Will and his trusty crew of volunteers (dozens of them) put on quite a show.  The main event is a seven-puzzle competition, which attracted 619 entrants this year, up from 575 a year ago.  While it is open to all (for a modest fee), it attracts the best solvers on the planet (and the constructors who create the special puzzles used at the event are the best as well).  And surrounding the competition are an array of ancillary events including, this year, a Palindrome Championship, two nights of additional contests just for fun, a rather fulsome awards ceremony and a talent show to boot (“Crossworders Got Talent”).

For eleven years, from 2005 to 2015, the contest has been dominated by two men, Tyler Hinman, who won the tournament the first five of those years, and Dan Feyer, who unseated Hinman and whipped off six straight championships of his own.  Feyer and Hinman are prototypes of classic sports match-ups, with Hinman playing the role of the colorful and emotive crowd favorite, while Feyer is the cool machine, methodical and menacing.  Substitute the names Palmer versus Nicklaus, Ali versus Frazier, Mickelson versus Woods or Namath versus Unitas and you get the idea rather neatly.

But last year, Howard Barkin, a top ten finisher for years, broke through and defeated Feyer in the finals, for which Hinman failed to qualify.  It should be noted that after the seven contests, the three highest scorers, those who complete the puzzles most accurately and in the fastest times, ascend to a stage and go head-to-head in the finals under the bright lights, filling in the answers on giant white boards, all the while sealed off from the screaming audience (complete with exceptional play-by-play and color announcers) by their bodies (backs to the crowd) and headphones of the kind that airport personnel use to block out the noise of giant roaring airplanes. 

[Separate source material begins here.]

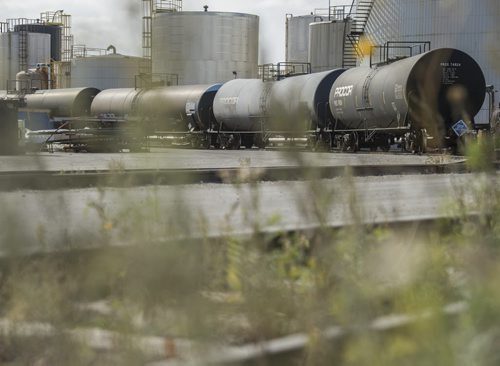 130410 Winnipeg - DAVID LIPNOWSKI / WINNIPEG FREE PRESS (October 04, 2013)  Signs of danger, flammable materials, hazardous materials, and railway cars in the Mission Industrial Neighbourhood due to the heavy industry in the area. For Aldo Santin story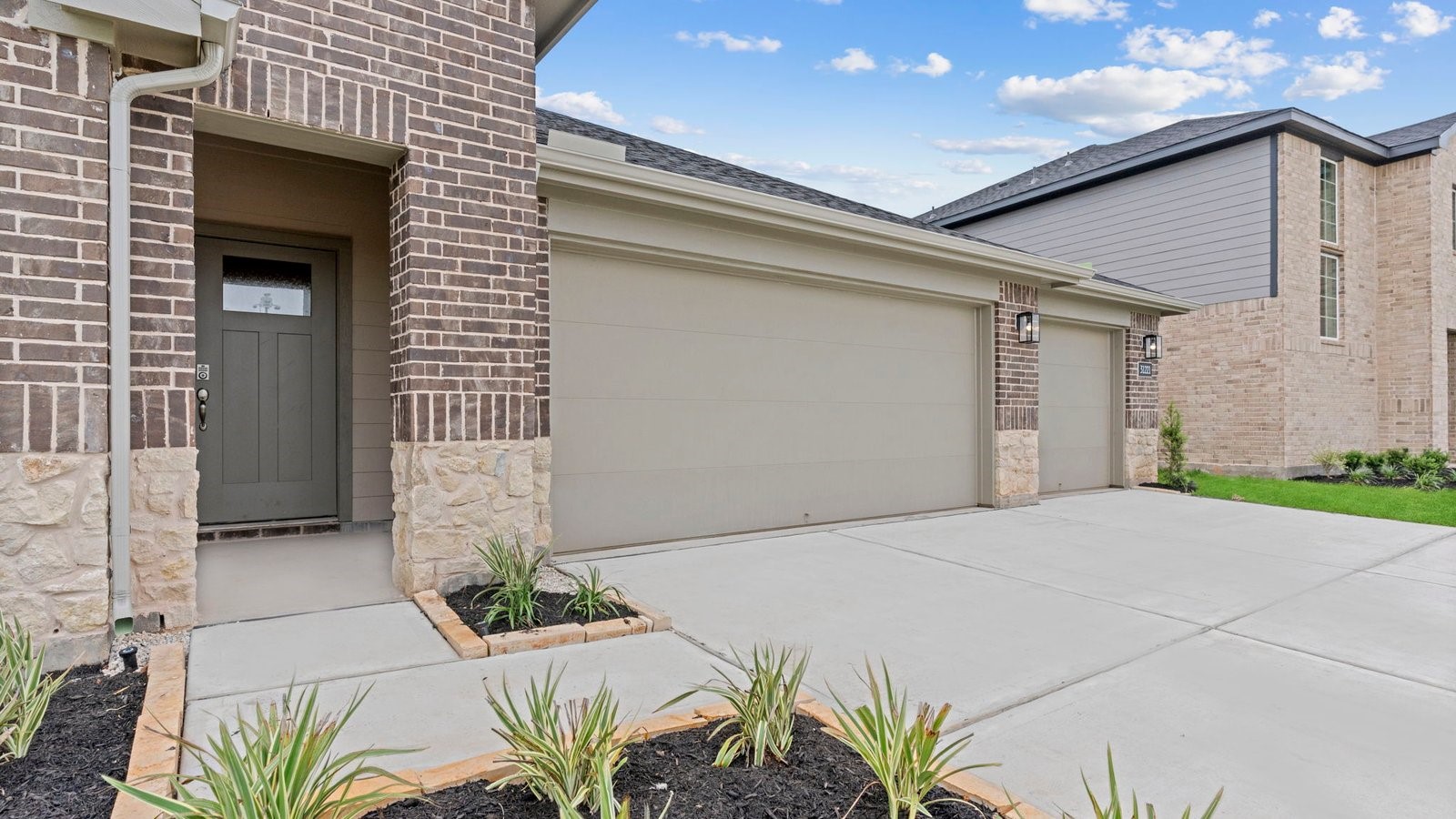 31306 Mila Cove Fulshear, TX 77441 - Photo 2 of 48 a front view of a house with a yard and garage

The finals this year were no less exceptional than those of the last two years, which were both certifiably epic.  Two years ago, the last year Feyer won, he defeated Hinman by literally half-a-second, using every last one of the five second advantage he had earned over Hinman in the seven contest run-up (they both got every puzzle absolutely right, but Feyer completed them a tad faster and was duly rewarded with the advantage) to hold onto his title.  Last year, Feyer seemed to be methodically rolling to a seventh consecutive title when he lost his momentum and Barkin made his move.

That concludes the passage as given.